Our Nosey Story

From over 30 years in horrible captivity in a run-down family circus, to wonderful SANCTUARY, Nosey gained her freedom at the age of 36 thanks to the hard work of relentless advocates and organizations across the nation.


According to the Elephant Database, Nosey was captured at the age of two in 1984 from Zimbabwe (likely Hwange National Park). She was ripped away from her entire herd, many of whom were slaughtered in a government cull to control the elephant population. The conflict between humans and elephants has been an ever growing concern. Nosey, along with 62 other elephants were purchased by the eccentric multi-millionaire and founder of Nautilus exercise equipment, Arthur Jones. It was Jones’s intention to “save” these baby elephants and to have the largest herd of elephants at his Ocala, Florida estate known as Jumbolair. Jones used his enormous wealth and a Boeing 707 to air lift the elephants in the first operation of its kind in history. This was documented on ABC’s 20/20 in a segment called Jumbolair, The Flying Elephants. NOSEY WAS ONE OF THESE BABIES ON THIS JUMBO JET.
Watch both segments here:  PART 1: Jumbolair Part 1  and PART 2: Jumbolair Part 2

By 1986 Jones had become overwhelmed with his herd. He had 98 elephants at one point. He contracted with David Meeks of the Meeks Company in South Carolina, to assist him in rehoming the elephants. (This was where Nosey was brutally BROKEN to learn how to become a circus elephant).  Approximately 40 elephants were sold off to circuses and zoos while numerous others died. Nosey was sold to Meeks, who kept her until 1988 when he sold her to Hungarian immigrant and circus clown Hugo Liebel.
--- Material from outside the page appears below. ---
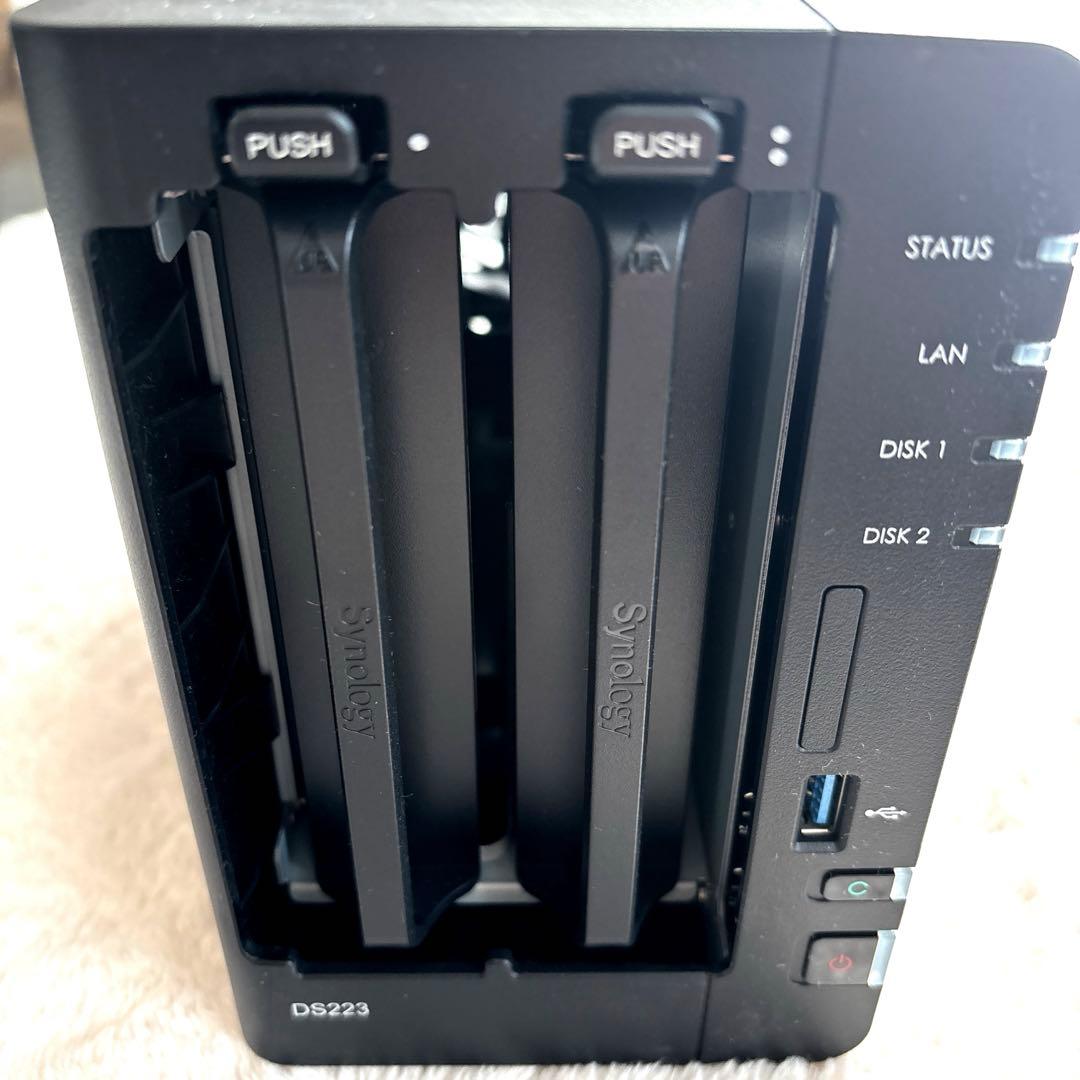 【極美品・未使用】Synology DISKSTATION DS223 2ベイ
In 1986 Meeks advertised the sale of the elephants in a publication known as the Circus Report:

“Available for Sale Baby African Elephants Ranging from 3 to 5 years old. All our BABIES are “broke to leg” chain and       lead. Any SPECIAL TRAINING is available on request…GET YOUR ELEPHANTS NOW…while they are AVAILABLE,                 AFFORDABLE and SMALL.
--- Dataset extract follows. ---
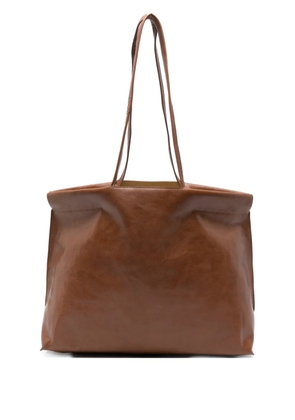 bea mombaers leather tote bag - Brown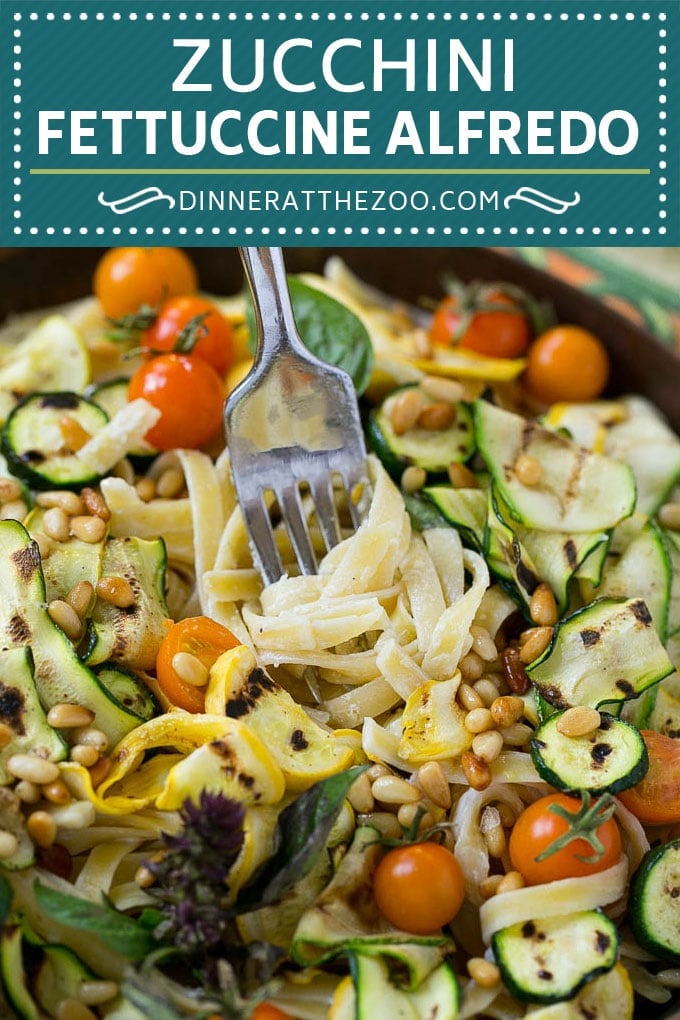 Zucchini Fettuccine Alfredo #pasta #zucchini #cheese #dinner #fuyos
NOTE:  Broke to leg chain and SPECIAL TRAINING description:  Elephants that are captured and held in captivity that go to circuses go through a “breaking”, ” phajaan”, or “crush” in order to OBEY HUMAN COMMANDS for the rest of their lives.   Nosey and all circus elephants that are wild caught must be trained to learn tricks to perform and give humans rides.  This process is brutal, horrific and done during an elephant’s infancy or very young life.  Baby elephants are scared to death, have been through horrors with being captured from their mothers and herds, and taken violently against their will.  Trainers tie up, severely beat repeatedly, over and over and over, until an elephant essentially “gives in”, their spirits BROKEN to obey their every command.  Elephants are beaten into submission and continually beaten throughout their entire lives wihle in captivity to “keep them in line”.  Elephants are highly intelligent and much like the better traits in humans.  They need others of their own kind to mingle with, to associate with, to love and physically and emotionally thrive from.  This is taken away in order to control them into entertaining for the benefit of humans.   These are the FACTS and documented.
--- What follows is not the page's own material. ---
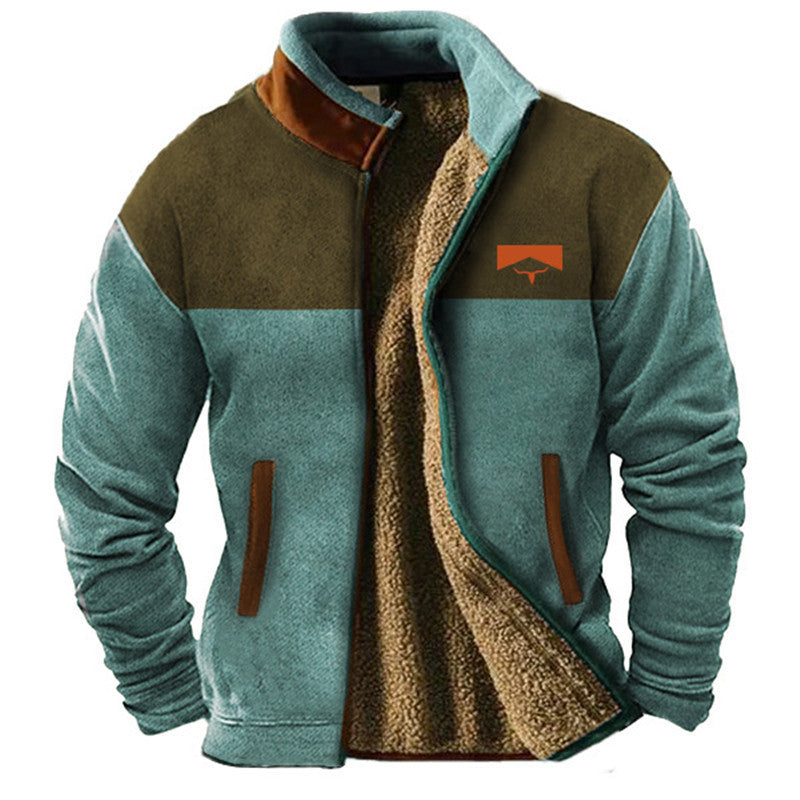 Wayne | Western Fleece-Lined Jacket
Image result for photo hugo liebel arrestMOULTON, AL – The Lawrence County Sheriff’s Office has confirmed that the owners of Nosey the elephant, Hugo Liebel and his wife Franciszka, were arrested Saturday morning, December 16th, 2017, on animal cruelty charges. They were both released on a $1,000 bond.



WAFF 48 article on Liebel’s trial in Alabama 12/15/2017

Read FACE Vice President, Dee Gaug’s statement while at the trial in Alabama.


Liebel, now a resident of Davenport, FL went on to start his own low budget circus with his wife Franciszka and eventually their five children along with various transient workers. Nosey was trained to do tricks and give rides through the use of brutal training methods including a bull hook (a device resembling a fireplace poker), sledgehammers, shovels, and electric shock. Testimony from a former employee of Hugo Liebel gave this account of a “session” where Nosey was brutally beaten to teach her a lesson:  Former employee testimony document.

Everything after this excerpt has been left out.